Włochy. Turyści dręczą rzadką fokę. Ekspert alarmuje
W miejscowości Numana na włoskiej riwierze w regionie Marche rozegrała się scena, która poruszyła lokalnych przyrodników.
Foka mniszka śródziemnomorska – jeden z najbardziej zagrożonych gatunków ssaków morskich na świecie – wyszła na plażę, by odpocząć. Zamiast spokoju znalazła jednak tłum zaciekawionych ludzi, którzy próbowali zrobić jej zdjęcia z bliskiej odległości.
Jak poinformowała agencja ADNKronos, część plażowiczów podchodziła do zwierzęcia z telefonami w dłoniach, próbując je fotografować. Zestresowana foka kilkukrotnie przerywała drzemkę, reagowała na zaczepki i – próbując odgonić ciekawskich – ostatecznie wróciła do wody, gdzie szukała schronienia.
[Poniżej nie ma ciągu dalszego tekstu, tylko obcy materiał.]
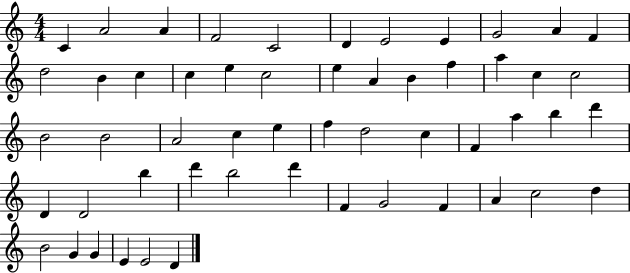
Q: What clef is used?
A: treble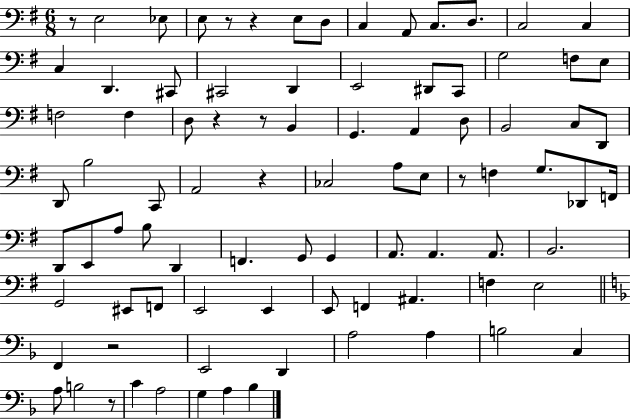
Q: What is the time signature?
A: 6/8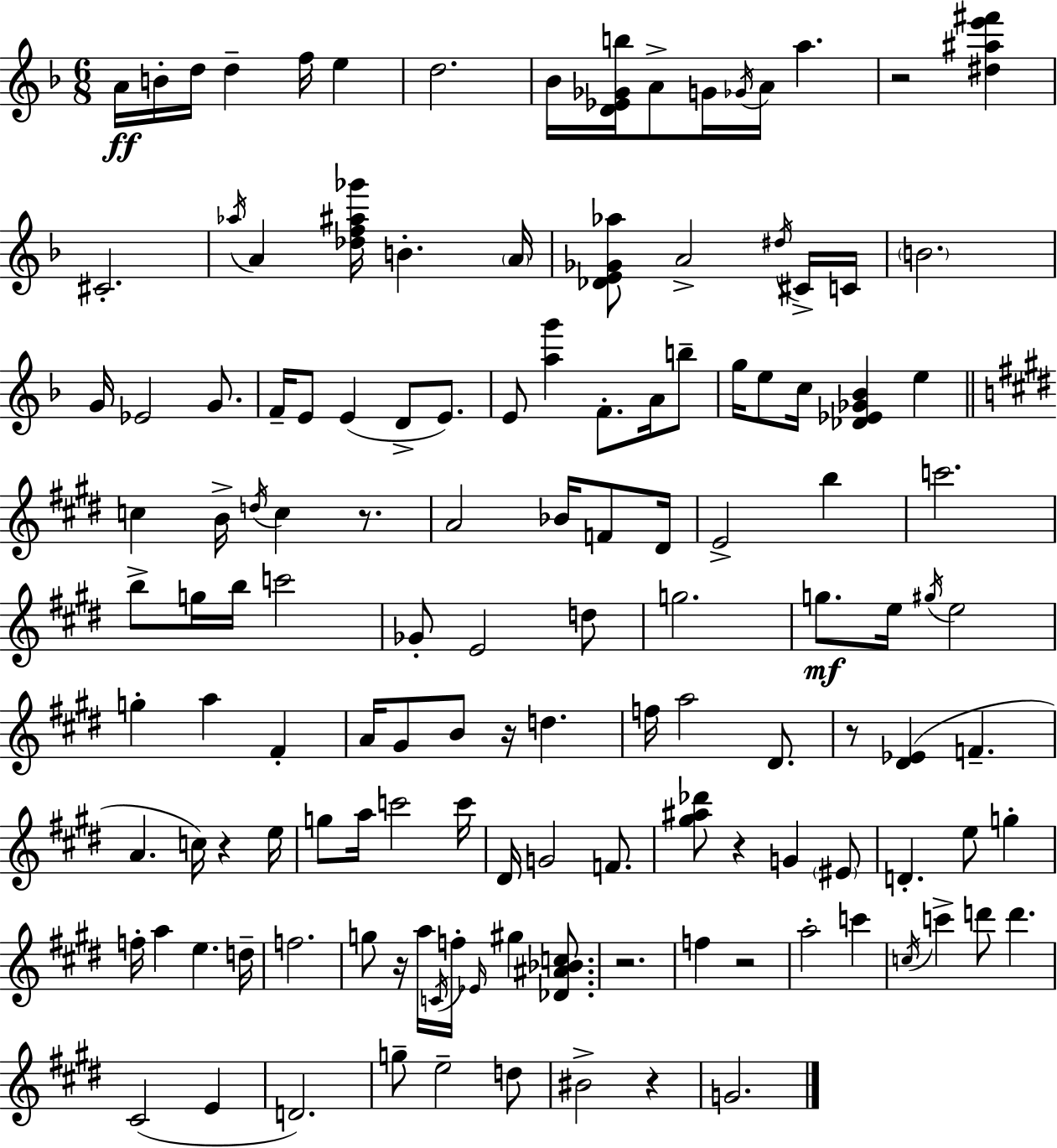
A4/s B4/s D5/s D5/q F5/s E5/q D5/h. Bb4/s [D4,Eb4,Gb4,B5]/s A4/e G4/s Gb4/s A4/s A5/q. R/h [D#5,A#5,E6,F#6]/q C#4/h. Ab5/s A4/q [Db5,F5,A#5,Gb6]/s B4/q. A4/s [Db4,E4,Gb4,Ab5]/e A4/h D#5/s C#4/s C4/s B4/h. G4/s Eb4/h G4/e. F4/s E4/e E4/q D4/e E4/e. E4/e [A5,G6]/q F4/e. A4/s B5/e G5/s E5/e C5/s [Db4,Eb4,Gb4,Bb4]/q E5/q C5/q B4/s D5/s C5/q R/e. A4/h Bb4/s F4/e D#4/s E4/h B5/q C6/h. B5/e G5/s B5/s C6/h Gb4/e E4/h D5/e G5/h. G5/e. E5/s G#5/s E5/h G5/q A5/q F#4/q A4/s G#4/e B4/e R/s D5/q. F5/s A5/h D#4/e. R/e [D#4,Eb4]/q F4/q. A4/q. C5/s R/q E5/s G5/e A5/s C6/h C6/s D#4/s G4/h F4/e. [G#5,A#5,Db6]/e R/q G4/q EIS4/e D4/q. E5/e G5/q F5/s A5/q E5/q. D5/s F5/h. G5/e R/s A5/s C4/s F5/s Eb4/s G#5/q [Db4,A#4,Bb4,C5]/e. R/h. F5/q R/h A5/h C6/q C5/s C6/q D6/e D6/q. C#4/h E4/q D4/h. G5/e E5/h D5/e BIS4/h R/q G4/h.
Ma "głodową" emeryturę. Tak dorabia. "Żeby na święta coś zarobić"
Eksperci przypominają, że foki mniszki opuszczają morze wyłącznie po to, by się wyspać i zregenerować siły, a do pełnego odpoczynku potrzebują nawet 24 godzin nieprzerwanego spokoju. Każde podejście człowieka w pobliże zwierzęcia może zmusić je do ucieczki i zaprzepaścić cenny czas regeneracji.
Przyrodnik i badacz tego gatunku, Emanuele Coppola, opublikował w sieci apel o ochronę spokoju foki. Aby zmobilizować lokalną społeczność, zaoferował też symboliczne wsparcie. Zapowiedział przekazanie 1000 euro dla komitetu mieszkańców, który zdoła przez ponad dobę czuwać nad wybranym przez fokę miejscem odpoczynku i udokumentować, że zwierzę nie jest niepokojone.
"Niestety nie potrafimy zachowywać się w takiej sytuacji, jak należy. A te zwierzęta potrzebują tego, by leżeć na ziemi nawet więcej niż 24 godziny bez przerwy. Postanowiłem zaoferować nagrodę w wysokości 1000 euro komitetowi mieszkańców, który zdoła czuwać i udokumentować wypoczynek foki w miejscu przez nią wybranym przez ponad dobę" – napisał ekspert.
Podobny problem nie jest obcy także Polsce. Jak wskazują przyrodnicy, turyści nad Bałtykiem coraz częściej zachowują się w ten sam sposób wobec fok odpoczywających na plażach. Zwierzęta, które wychodzą na brzeg, by spać i regenerować siły, są nagminnie filmowane i fotografowane z bliskiej odległości – często przy użyciu telefonów i dronów.
Efekt bywa identyczny jak we Włoszech: zaniepokojona foka przerywa odpoczynek i wraca do wody, zanim zdąży odzyskać siły. Warto zatem pamiętać, by trzymać dystans, nie hałasować i nie zakłócać spokoju ssaków – zwłaszcza zimą, gdy regeneracja kosztuje je najwięcej energii.